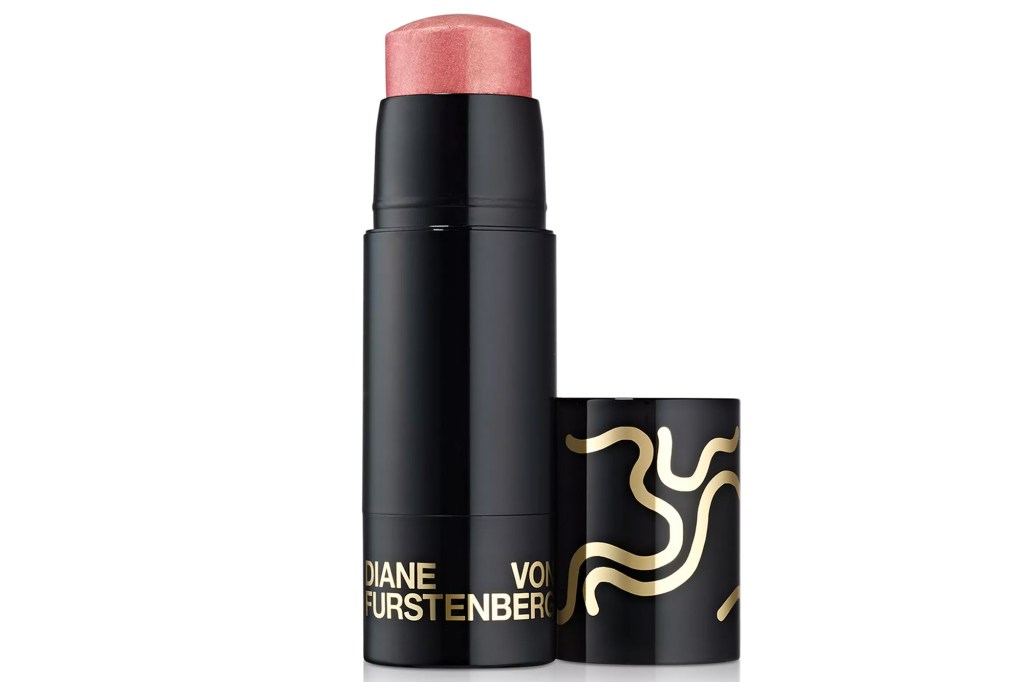 Diane Von Furstenberg blush stick in rose gold, with the cap off.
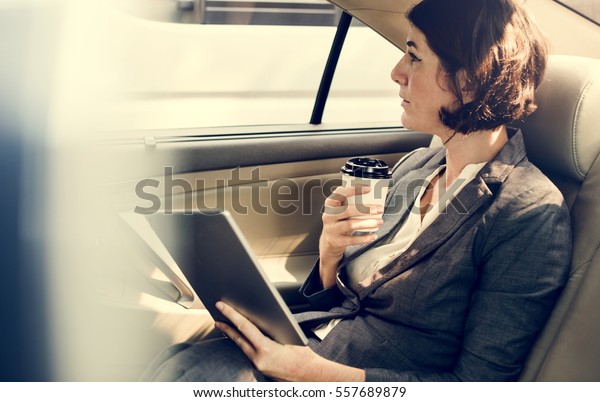 Businesswoman Using Tablet Car\
Inside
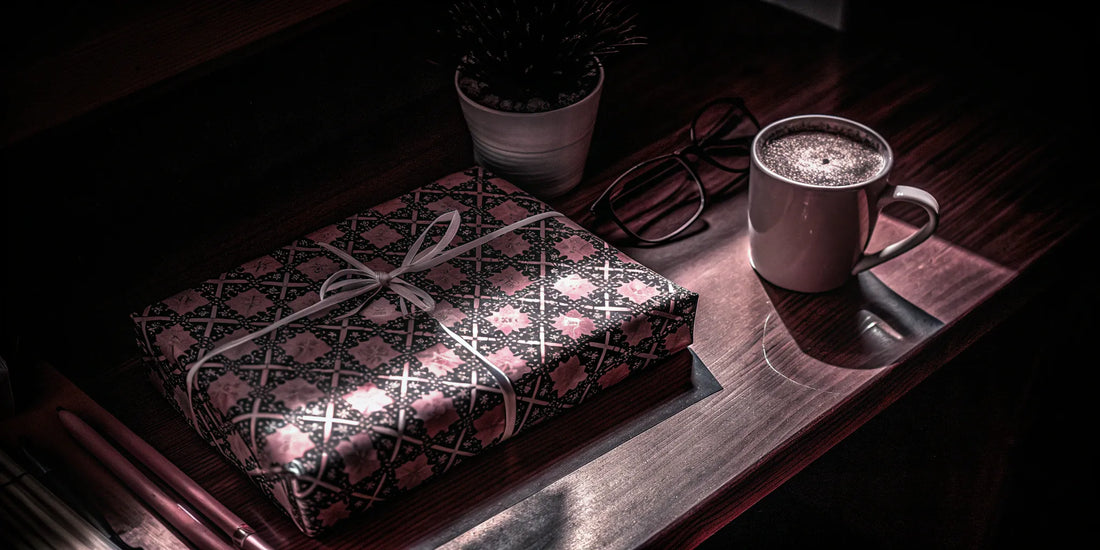 A wrapped gift, coffee mug, and glasses on a desk, a thoughtful company holiday gift for employees.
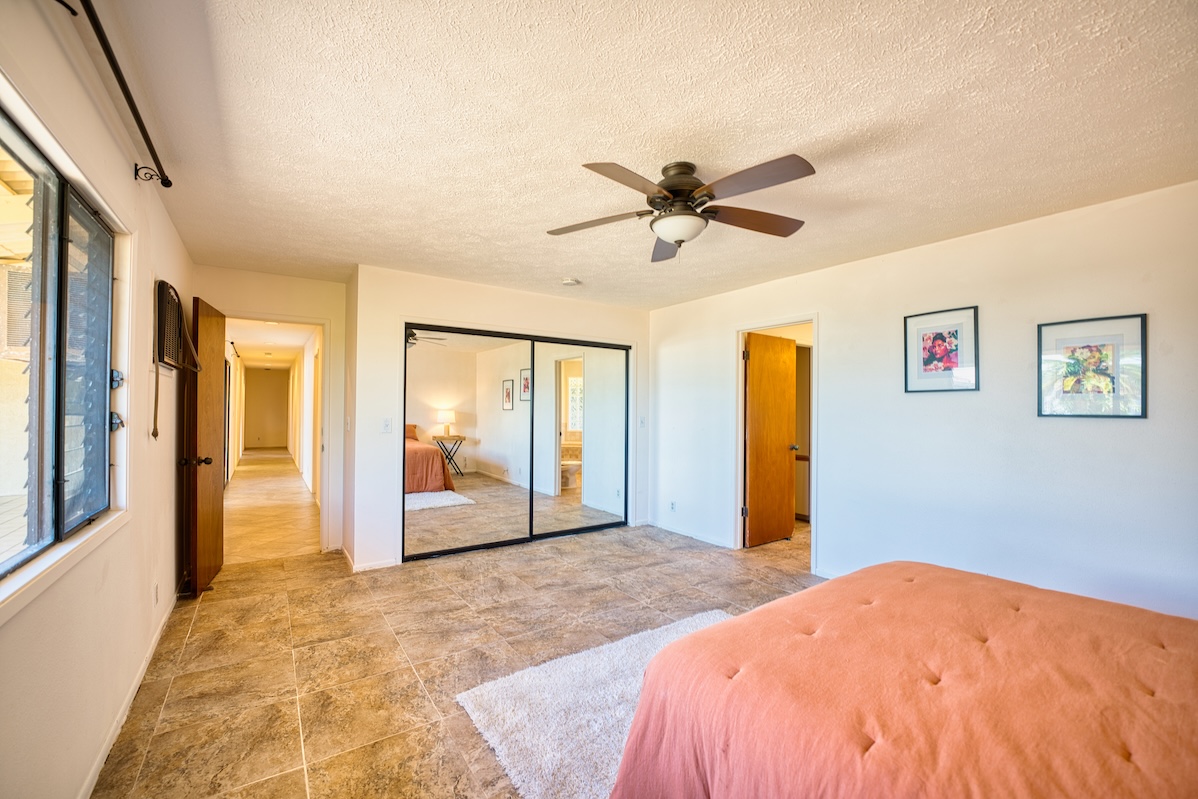 708 Kukuau Street Hilo, HI 96720 - Photo 14 of 18 a bedroom with a large bed and a chandelier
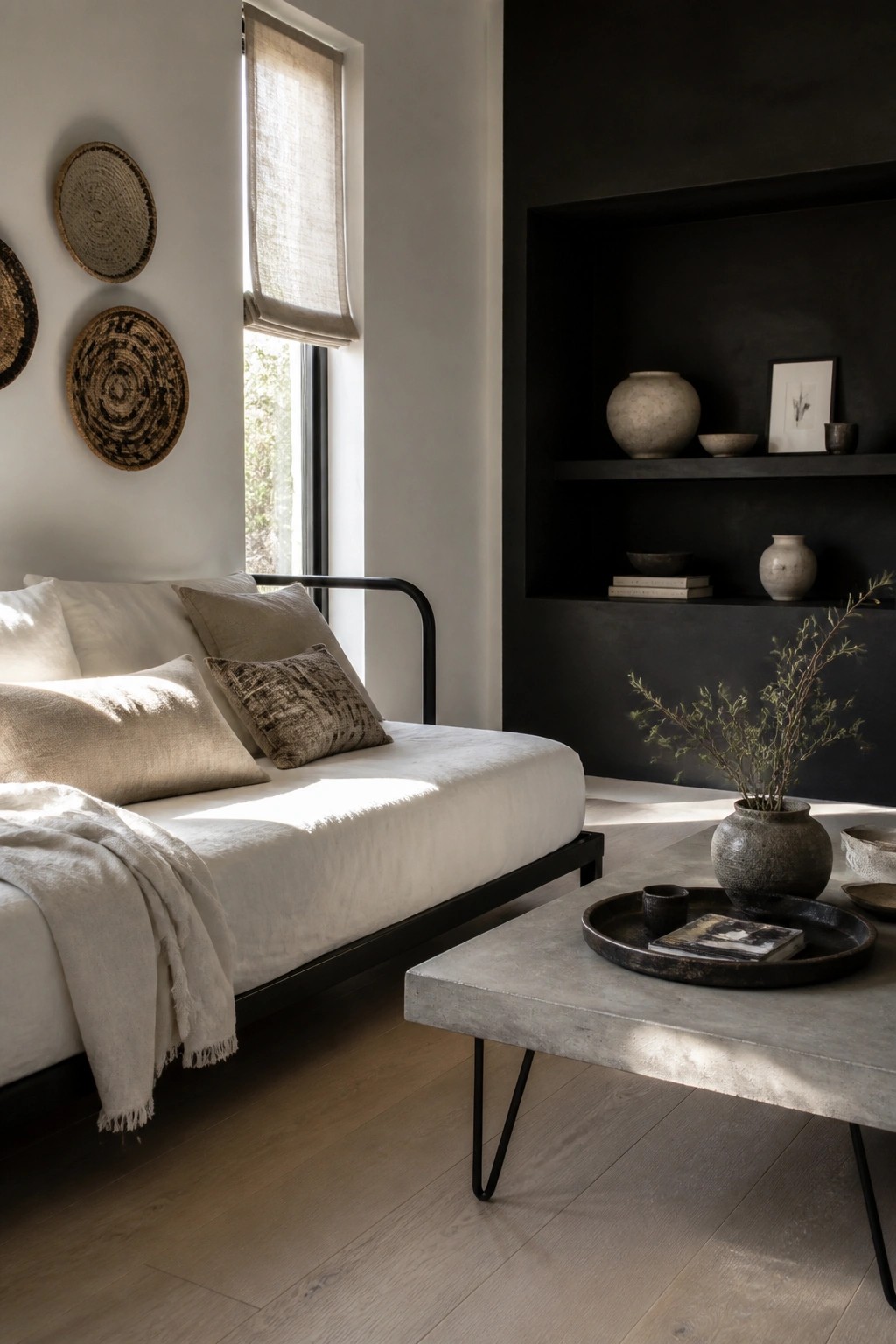 A white upholstered daybed with a black metal frame sits in a neutral room beside a concrete coffee table and dark built-in shelves holding pottery.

******

Instructions to follow:
Please give a word-for-word transcript of the lines from the one holding "708 Kukuau Street" through the final line of the entries, both ends kept, with no pictures.

Answer for this exercise:
 708 Kukuau Street Hilo, HI 96720 - Photo 14 of 18 a bedroom with a large bed and a chandelier
 A white upholstered daybed with a black metal frame sits in a neutral room beside a concrete coffee table and dark built-in shelves holding pottery.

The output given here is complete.